Tokarski, on the other hand, ranked 71st among all netminders in the NHL. This rankings actually goes up to 44th in the league if you remove goalies who played in fewer than 10 games. Still, Tokarski had a negative effect on the team, with a GSAA of -2.56. This number puts Tokarski behind backups such as Calvin Pickard, Andrei Vasilevskiy, and Reto Berra. By the same token, Tokarski actually comes out looking better than some established NHL starters including Ryan Miller and Jonathan Bernier.
We would be remiss not to take into consideration the external factors that could have had an adverse effect on Tokarski’s overall performance. His individual statistics, as well as his overall record of 6-6-4, were not shining by any means but it’s not as if the Habs made life particularly easy for Tokarski last season.

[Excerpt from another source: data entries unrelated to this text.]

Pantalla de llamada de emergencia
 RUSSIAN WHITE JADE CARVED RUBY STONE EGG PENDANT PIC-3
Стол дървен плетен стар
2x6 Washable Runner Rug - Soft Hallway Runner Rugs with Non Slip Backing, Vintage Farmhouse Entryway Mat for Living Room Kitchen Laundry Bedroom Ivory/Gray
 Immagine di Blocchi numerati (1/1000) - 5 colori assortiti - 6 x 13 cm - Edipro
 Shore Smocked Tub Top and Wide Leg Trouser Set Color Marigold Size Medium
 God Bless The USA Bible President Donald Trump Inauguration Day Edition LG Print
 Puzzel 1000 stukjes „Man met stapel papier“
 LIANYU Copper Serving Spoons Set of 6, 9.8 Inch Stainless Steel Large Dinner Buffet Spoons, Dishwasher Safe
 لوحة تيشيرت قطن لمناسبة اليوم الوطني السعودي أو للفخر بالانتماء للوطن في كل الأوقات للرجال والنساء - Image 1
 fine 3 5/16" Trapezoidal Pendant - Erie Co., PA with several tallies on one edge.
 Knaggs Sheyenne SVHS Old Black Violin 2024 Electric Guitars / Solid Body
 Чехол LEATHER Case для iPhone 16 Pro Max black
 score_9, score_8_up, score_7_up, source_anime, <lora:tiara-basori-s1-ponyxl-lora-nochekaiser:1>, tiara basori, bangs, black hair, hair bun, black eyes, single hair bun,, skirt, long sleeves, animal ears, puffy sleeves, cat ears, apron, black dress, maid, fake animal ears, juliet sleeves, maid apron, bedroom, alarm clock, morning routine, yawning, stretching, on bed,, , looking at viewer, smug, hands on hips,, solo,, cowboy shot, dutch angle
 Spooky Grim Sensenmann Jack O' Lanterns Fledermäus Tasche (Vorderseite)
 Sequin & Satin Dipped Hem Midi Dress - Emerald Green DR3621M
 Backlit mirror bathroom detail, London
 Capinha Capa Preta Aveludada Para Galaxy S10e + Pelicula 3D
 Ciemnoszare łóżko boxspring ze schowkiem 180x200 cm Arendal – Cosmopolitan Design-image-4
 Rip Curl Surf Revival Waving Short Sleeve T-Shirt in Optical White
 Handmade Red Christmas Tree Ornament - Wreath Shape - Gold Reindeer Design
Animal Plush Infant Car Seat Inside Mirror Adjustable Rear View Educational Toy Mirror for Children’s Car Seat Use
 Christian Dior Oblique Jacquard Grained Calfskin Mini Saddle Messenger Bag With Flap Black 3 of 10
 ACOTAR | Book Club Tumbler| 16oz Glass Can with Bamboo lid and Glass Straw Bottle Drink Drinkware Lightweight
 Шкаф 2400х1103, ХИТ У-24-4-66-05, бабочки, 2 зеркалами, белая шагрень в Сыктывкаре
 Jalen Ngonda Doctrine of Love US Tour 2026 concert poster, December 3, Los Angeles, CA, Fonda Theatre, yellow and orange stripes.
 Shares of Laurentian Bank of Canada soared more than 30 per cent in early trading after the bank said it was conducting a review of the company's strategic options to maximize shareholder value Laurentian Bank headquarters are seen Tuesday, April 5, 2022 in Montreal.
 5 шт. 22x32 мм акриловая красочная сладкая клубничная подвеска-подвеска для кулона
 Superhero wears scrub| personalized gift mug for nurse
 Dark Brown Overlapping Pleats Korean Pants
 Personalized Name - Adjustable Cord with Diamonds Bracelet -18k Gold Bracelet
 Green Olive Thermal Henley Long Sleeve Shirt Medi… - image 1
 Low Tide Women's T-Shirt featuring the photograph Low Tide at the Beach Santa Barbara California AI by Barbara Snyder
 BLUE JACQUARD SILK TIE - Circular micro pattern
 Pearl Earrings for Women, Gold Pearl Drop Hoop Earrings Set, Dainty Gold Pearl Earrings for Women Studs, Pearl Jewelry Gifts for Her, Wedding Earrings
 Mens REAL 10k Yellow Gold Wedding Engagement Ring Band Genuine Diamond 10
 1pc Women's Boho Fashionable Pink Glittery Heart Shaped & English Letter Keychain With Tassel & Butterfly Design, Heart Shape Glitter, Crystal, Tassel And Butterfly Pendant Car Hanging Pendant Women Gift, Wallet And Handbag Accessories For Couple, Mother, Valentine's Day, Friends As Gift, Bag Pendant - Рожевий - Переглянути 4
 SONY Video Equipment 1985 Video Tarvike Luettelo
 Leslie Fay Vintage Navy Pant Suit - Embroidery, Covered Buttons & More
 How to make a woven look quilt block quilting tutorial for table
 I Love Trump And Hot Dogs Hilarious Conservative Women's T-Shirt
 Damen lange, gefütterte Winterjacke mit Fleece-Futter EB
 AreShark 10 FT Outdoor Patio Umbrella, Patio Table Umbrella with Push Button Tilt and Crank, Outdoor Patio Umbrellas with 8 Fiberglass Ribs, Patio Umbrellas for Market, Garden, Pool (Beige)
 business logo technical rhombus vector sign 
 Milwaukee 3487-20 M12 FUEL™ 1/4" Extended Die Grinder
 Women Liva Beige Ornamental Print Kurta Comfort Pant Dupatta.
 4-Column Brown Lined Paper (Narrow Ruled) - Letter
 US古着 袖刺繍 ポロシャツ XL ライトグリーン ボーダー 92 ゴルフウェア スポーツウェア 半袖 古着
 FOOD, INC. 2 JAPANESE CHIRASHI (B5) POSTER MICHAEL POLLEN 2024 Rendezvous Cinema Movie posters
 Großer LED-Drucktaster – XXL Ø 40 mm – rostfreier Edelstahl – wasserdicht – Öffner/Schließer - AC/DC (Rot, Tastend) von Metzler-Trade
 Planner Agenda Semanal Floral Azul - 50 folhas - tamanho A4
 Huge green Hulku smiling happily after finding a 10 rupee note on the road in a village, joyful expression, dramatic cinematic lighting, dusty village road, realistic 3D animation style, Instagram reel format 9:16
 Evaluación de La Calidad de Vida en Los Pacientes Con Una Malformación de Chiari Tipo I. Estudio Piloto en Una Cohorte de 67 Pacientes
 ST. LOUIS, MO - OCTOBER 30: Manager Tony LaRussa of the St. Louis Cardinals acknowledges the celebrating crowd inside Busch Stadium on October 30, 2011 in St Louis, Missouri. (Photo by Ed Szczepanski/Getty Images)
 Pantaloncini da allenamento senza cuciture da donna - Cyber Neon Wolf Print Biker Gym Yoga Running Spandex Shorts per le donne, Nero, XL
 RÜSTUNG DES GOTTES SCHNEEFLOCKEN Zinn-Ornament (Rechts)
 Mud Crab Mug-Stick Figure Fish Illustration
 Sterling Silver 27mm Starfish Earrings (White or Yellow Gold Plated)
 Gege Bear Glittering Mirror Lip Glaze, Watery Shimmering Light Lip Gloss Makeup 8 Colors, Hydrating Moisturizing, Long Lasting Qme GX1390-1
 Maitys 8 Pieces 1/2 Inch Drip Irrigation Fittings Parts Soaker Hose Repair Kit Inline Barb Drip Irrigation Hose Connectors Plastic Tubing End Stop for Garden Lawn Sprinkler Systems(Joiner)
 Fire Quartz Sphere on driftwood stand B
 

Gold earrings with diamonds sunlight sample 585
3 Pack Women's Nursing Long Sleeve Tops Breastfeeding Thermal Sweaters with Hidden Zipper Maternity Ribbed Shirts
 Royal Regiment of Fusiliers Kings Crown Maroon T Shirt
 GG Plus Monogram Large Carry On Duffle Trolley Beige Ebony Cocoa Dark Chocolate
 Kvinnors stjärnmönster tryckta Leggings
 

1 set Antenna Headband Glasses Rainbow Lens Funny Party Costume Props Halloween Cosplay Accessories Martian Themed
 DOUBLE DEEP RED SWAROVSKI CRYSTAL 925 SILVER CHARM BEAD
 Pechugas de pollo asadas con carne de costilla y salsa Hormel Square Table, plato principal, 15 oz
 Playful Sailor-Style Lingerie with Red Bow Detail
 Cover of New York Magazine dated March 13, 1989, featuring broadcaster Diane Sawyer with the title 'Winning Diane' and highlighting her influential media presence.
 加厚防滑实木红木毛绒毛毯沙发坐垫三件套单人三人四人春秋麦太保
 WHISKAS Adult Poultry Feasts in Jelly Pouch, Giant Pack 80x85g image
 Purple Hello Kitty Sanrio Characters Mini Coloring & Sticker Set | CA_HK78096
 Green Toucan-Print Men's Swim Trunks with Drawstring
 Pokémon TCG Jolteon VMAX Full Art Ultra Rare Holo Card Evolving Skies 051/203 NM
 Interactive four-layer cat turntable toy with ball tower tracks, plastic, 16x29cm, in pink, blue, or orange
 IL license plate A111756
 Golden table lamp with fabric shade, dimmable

He started the majority of his games (13 out of 17) on the road, meaning opposing teams got to take advantage of last change against Tokarski more often than not.
Additionally the Canadiens, already an infamously low scoring team, scored even less with the rookie between the pipes. The team would score just 1.88 goals per 60 at even strength when Tokarski was playing as compared to their season-long average of 2.21, and that certainly didn’t give him much room for error.
It may also be worth noting that Tokarski was never really given an opportunity to hit his stride, as his starts came few and far between - the most notable example being the full month between starts from November 29th to December 30th.
2015-16 Season Preview
The coming season shouldn’t differ all that much from the last for Tokarski, as he will expect to start roughly the same number of games. This may also turn out to be his biggest obstacle, but such is life when your counterpart is a Vezina favourite. The one thing on his side heading into the 2015-16 season is more experience as he grows more accustomed to his new role, starting games only when he has to or stepping onto the ice midway through a contest.
In the end, Tokarski’s performance may rely heavily on how the team in front of him can perform. If the defense continues to allow a large number of high danger scoring chances, you can expect Tokarski to struggle once again. He wasn’t particularly good at stopping such shots in 2014-15, and that is unlikely to change. A tighter defense combined with even moderately more support from the goal scorers could make all the difference in the world for the Habs backup.
When all is said and done, though, the Canadiens world revolves around Carey Price, and rightfully so. If all goes according to plan, Dustin Tokarski shouldn’t start more than 20 games this year and we wouldn’t have it any other way.